--- MATERIAL SHOWN Enclosed Below ---

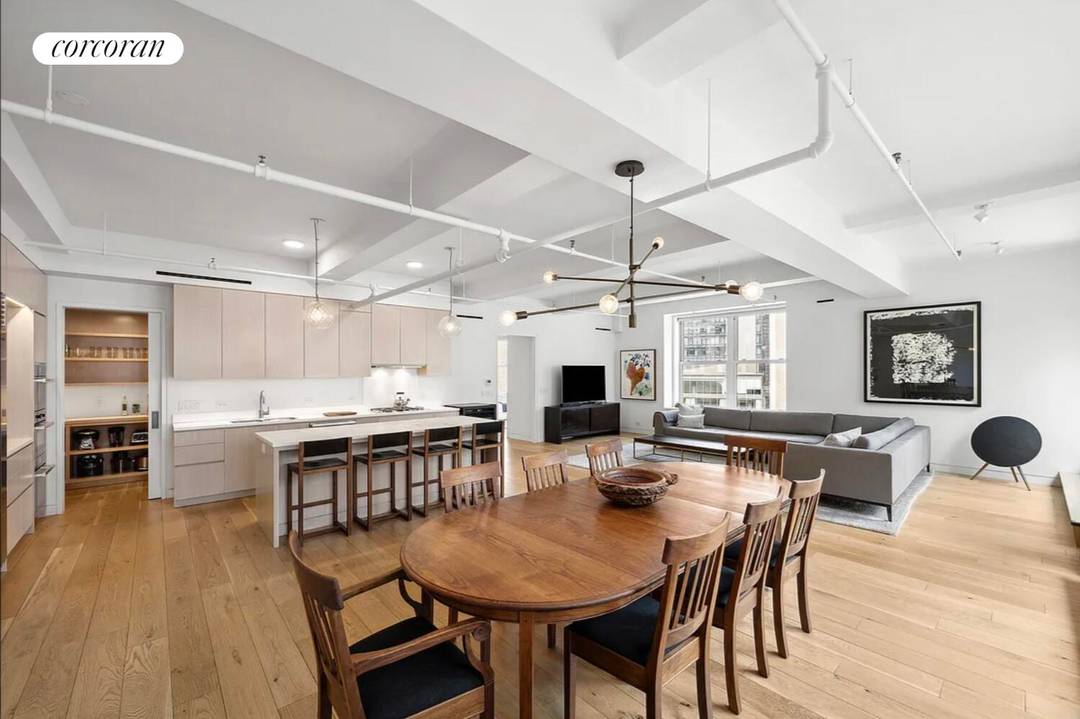 Fall in love with this spectacular NoMad loft with terrace, a home that immediately feels special the moment you step inside.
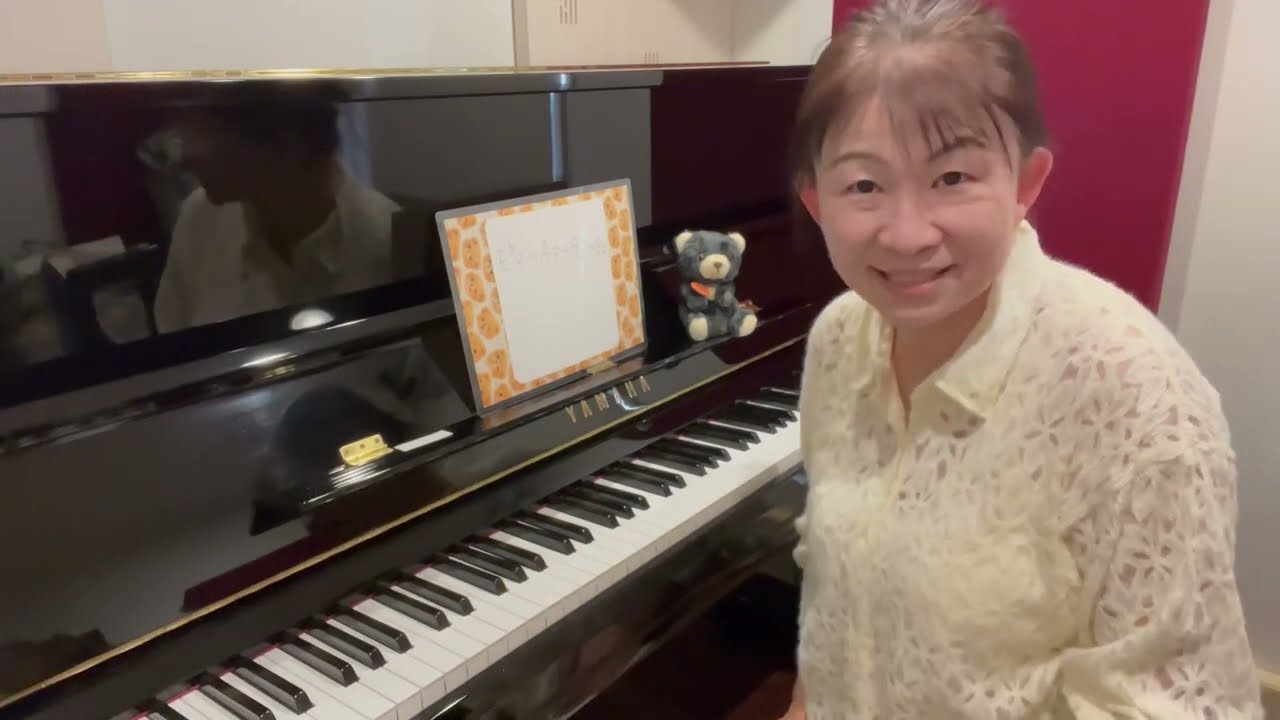 【即興演奏「あ」の巻/弾いてみた】あやしい郵便ポスト【JAZZ/ソロピアノ】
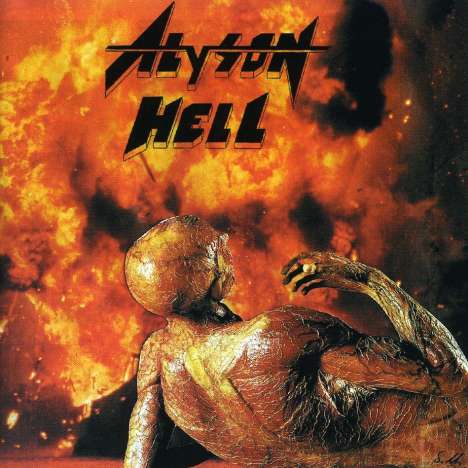 Alyson Hell: Alyson Hell, CD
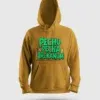 Pechu Pecha Irrukanum Men/Unisex Hoodie in Mustard Yellow Color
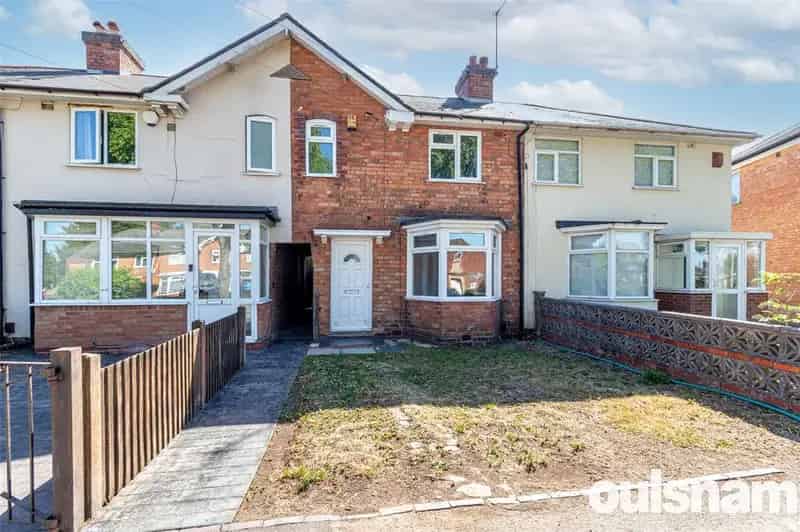 3 Bedroom Terraced House for Sale Northfield Birmingham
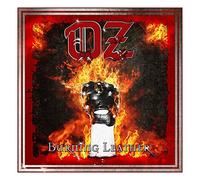 Oz Burning leather (CD) Album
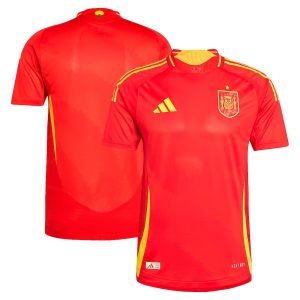 Spain Home Match Shirt Euro 2024 (1)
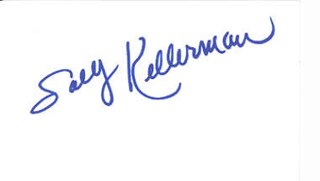 Sally Kellerman autograph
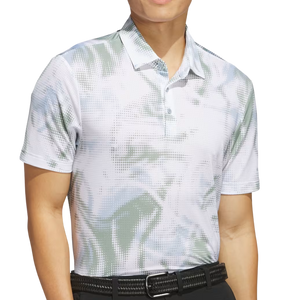 Adidas Ultimate365 Printed Mesh Men's Polo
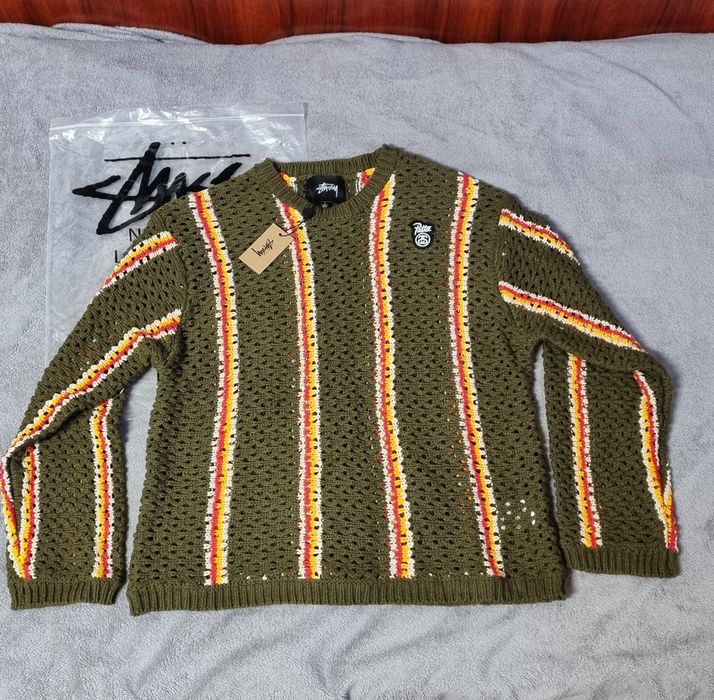 Bluza Stussy x Patta tricotata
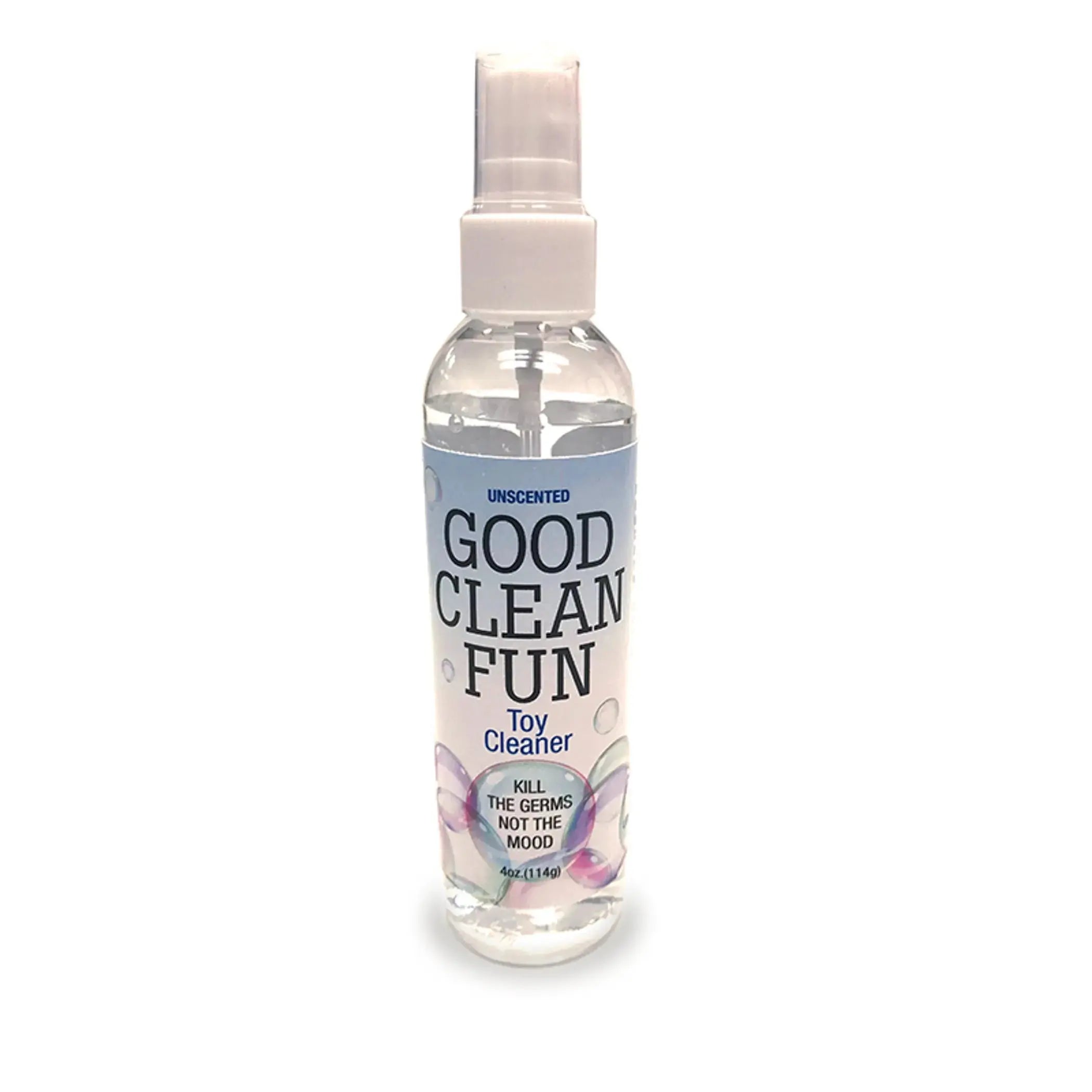Good Clean Fun Unscented Cleaner 4oz Little Genie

--- End of Enclosed MATERIAL SHOWN ---

EXERCISE >> Only the lines from the one containing "Spain Home Match Shirt Euro 2024 (1)" through the final line of the entries belong in the copy, both ends included. Pictures stay out.

ANSWER TO THE PROBLEM >>
 Spain Home Match Shirt Euro 2024 (1)
 Sally Kellerman autograph
 Adidas Ultimate365 Printed Mesh Men's Polo
 Bluza Stussy x Patta tricotata
Good Clean Fun Unscented Cleaner 4oz Little Genie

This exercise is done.